Methyl [Hg] in namew blood ranged from 76 to 1749 ng/g dw, which represented 62.5%–84.1% of the [THg] measured across all fish sampled. The blood [MeHg] of 30–2500 ng/g measured in Atlantic sturgeon (
Mallory et al. 2018) was more comparable to our [MeHg] than our [THg] estimates, as discussed above. While not statistically compared due to low sample sizes, [MeHg] was more similar between sites than [THg] (
Fig. 2c). Interestingly, namew caught below the most downstream generating station (i.e., below Kipling Generating Station), had more variable [THg], [MeHg], and %MeHg than fish from the other sites (
Figs. 2c and
2d). Similarly, blood %MeHg was comparable across sites but was most variable in fish caught below the Kipling Generating Station (
Figs. 2e and
2f). It is possible that these fish include individuals from upstream, since namew have been documented moving through the spillways and traveling downstream (according to unpublished acoustic telemetry data from the Learning from Lake Sturgeon program), adding to the variability in fish at this site (O'Connor, Simard, unpublished). The %MeHg in fish blood is expected to be high, due to the efficient uptake of MeHg from intestinal tissue, relative to inorganic Hg (Hg(II);
Peng et al. 2016).
3.2. Relationships between mercury measures in blood and fish size
Overall, larger namew had higher [THg] in their blood. Fork length was a significant predictor of blood [THg] within two out of the three sites tested (
Fig. 3a). More specifically, namew from the North French River and from above the hydroelectric complex (i.e., Little Long Generating Station) had significantly higher [THg] as fish fork lengths increased. Fish from below this complex (i.e., below Kipling Generating Station) showed a similarly positive but insignificant blood [THg] versus fork length relationship (
Fig. 3a). The slopes of these relationships did not differ significantly among sites (ANCOVA interaction term
p = 0.927; Table SI-5) and, when combined, blood [THg] showed a significant and positive relationship with fork length across all sturgeon (
r2 = 0.22,
p < 0.001;
Fig. 3a).
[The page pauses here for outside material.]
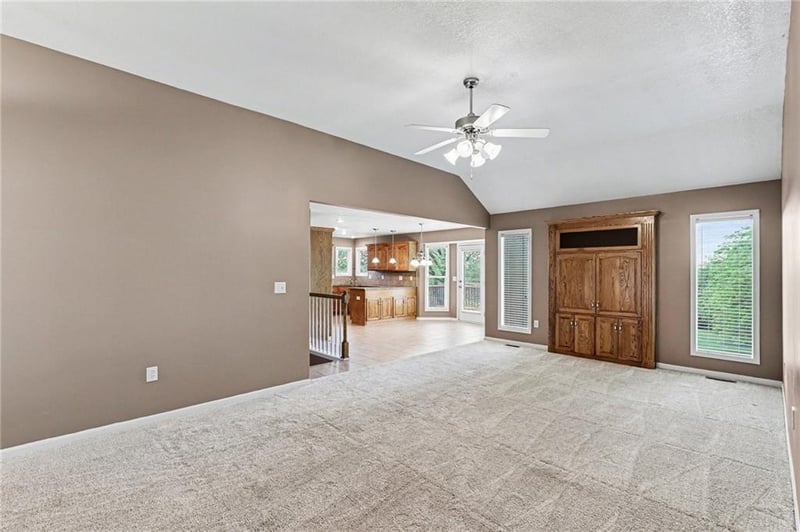 10208 Spruce Ave, Kansas City, MO 64156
Blood %MeHg also showed a positive linear trend with fork length, but the relationship was statistically insignificant (
r2 = 0.15,
p = 0.121; Fig. SI-1b). It is possible that higher [Hg] in blood from larger sturgeon may reflect a shift in diet;
Jansen (2022) found that larger lake sturgeon ate larger prey with higher Hg burdens in Manitoba rivers (Canada). Additionally, [Hg] in fish blood has been shown to correlate with muscle and liver [Hg] (
Cizdziel et al. 2003), and thus reflect the overall body burden in a fish, which is known to increase with fish size. Interestingly,
Mallory et al. (2018) found that the relationship between blood [MeHg] and body size in Atlantic sturgeon was dependent on sex; only female Atlantic sturgeon showed a significant positive relationship. We did not determine sex for the namew sampled in the current study.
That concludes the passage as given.